#### Records from a dataset
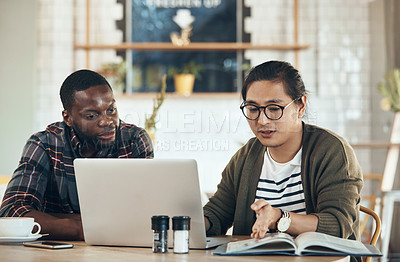 Buy stock photo Shot of handsome young businessmen sitting and working on a laptop in a coffee shop during the day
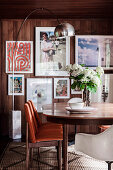 Tisch mit Stühlen und Bogenlampe im Esszimmer, Bilder an holzverkleideter Wand
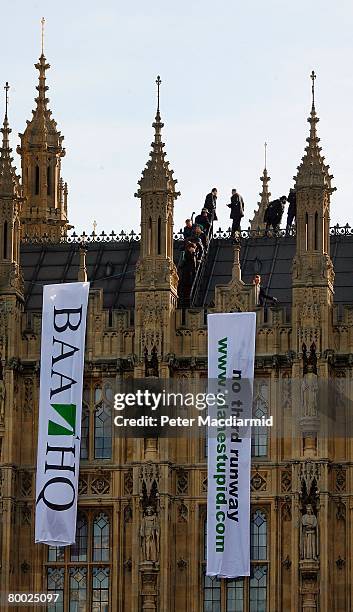 Protestors calling for a halt to the Heathrow airport expansion scale the roof of the Houses of Parliament on February 27, 2008 in London, England....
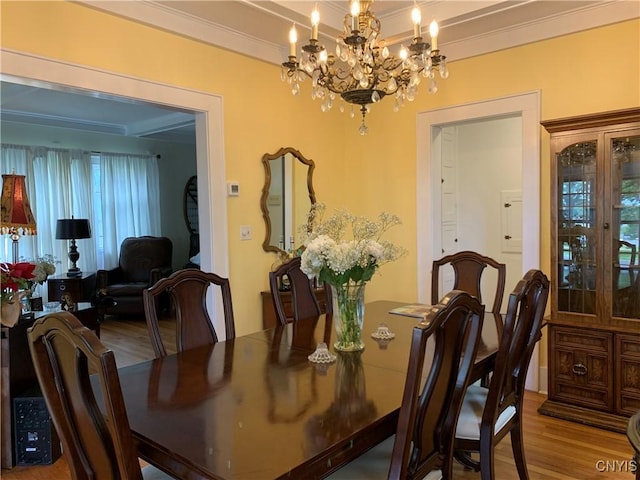 dining space featuring ornamental molding and wood finished floors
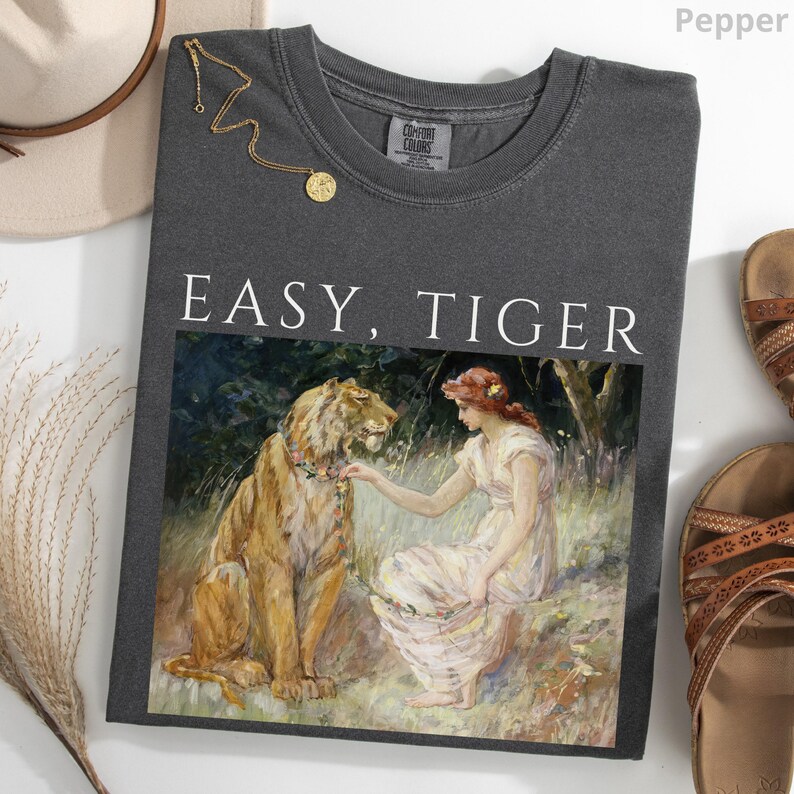 May include: Pepper-colored Comfort Colors t-shirt with the text "EASY, TIGER" above a painting of a tiger and a woman. A gold necklace and sandals are also visible.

#### WHAT THE TASK ASKS
Copy nothing but the lines from the start of the entries through the line with "dining space featuring". Write them out exactly, without pictures.

#### OUTPUT OF THE TASK
 Buy stock photo Shot of handsome young businessmen sitting and working on a laptop in a coffee shop during the day
 Tisch mit Stühlen und Bogenlampe im Esszimmer, Bilder an holzverkleideter Wand
 Protestors calling for a halt to the Heathrow airport expansion scale the roof of the Houses of Parliament on February 27, 2008 in London, England....
 dining space featuring ornamental molding and wood finished floors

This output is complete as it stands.